In the summer of 1986, the Museum of Modern Art mounted the Vienna 1900 exhibition and acquired Gustav Klimt’s Hope II (1902), thereby admitting Klimt and his Zeitalter into the official canon of modern art. Despite this belated acknowledgement, and setting aside for a moment his fervent participation in the Wiener Secession (“Der Zeit Ihre Kunst und Der Kunst Ihre Freiheit”), Klimt still looks very much like a late 19th-century artist working in a conservative center at the edges of Europe that valued historicism, eclecticism and high-gloss academic finish. In his early work from the 1890s, he changes styles depending on the job—meticulous, hard-edged idealization for official public commissions like the Kunsthistorisches Museum vestibule murals, to gauzy, soft-focus late Impressionism for portraits and landscapes to murky Symbolist topoi executed in a slick,Jugendstil serpentine manner.
This isn’t quite the eclecticism of the Ringstraße, that schizophrenic collection of revival-styles emblematizing the problem of 19th-century historical self-consciousness in general, which the Secession categorically opposed.

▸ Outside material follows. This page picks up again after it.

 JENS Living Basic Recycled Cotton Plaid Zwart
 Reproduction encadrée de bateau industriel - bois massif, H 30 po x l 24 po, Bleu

Klimt’s eclecticism consists of an ability to inhabit fully and to replicate perfectly a range of styles, each closely associated with other, usually French, painters, without privileging one over the other. This nearly post-modern agnosticism is most visible in Klimt’s landscapes, a genre in which he worked throughout his career. Here, his palette of styles ranges from plein air Impressionism and, more specifically, Monet’s Nymphéas, to the pointillism or Seurat and Pissarro to the expressionism of Van Gogh. It’s not hard to see why Klimt worked this way—each mode has its own gorgeous effects and, is suited to particular landscape sub-genres and his technical mastery of all of them is breathtaking.
The overall application of uniform, atomized, pin-points of pigment to the picture plane in representations of trees—Rose, Birnbaum and, most winningly, in Der Park—is the closest Klimt gets to a modernist concern. This exploration of surface effects on differs considerably from the broadly applied decorative patterning seen in the golden paintings, which in its derivation from Byzantine mosaics, is another example of eclectic historicism. His landscapes are also free of the lurid, psycho-sexual heavy-breathing of the golden paintings and other Symbolist-inflected works, which, ironically, makes them seems more modernist than the works he himself would have considered his most avant garde.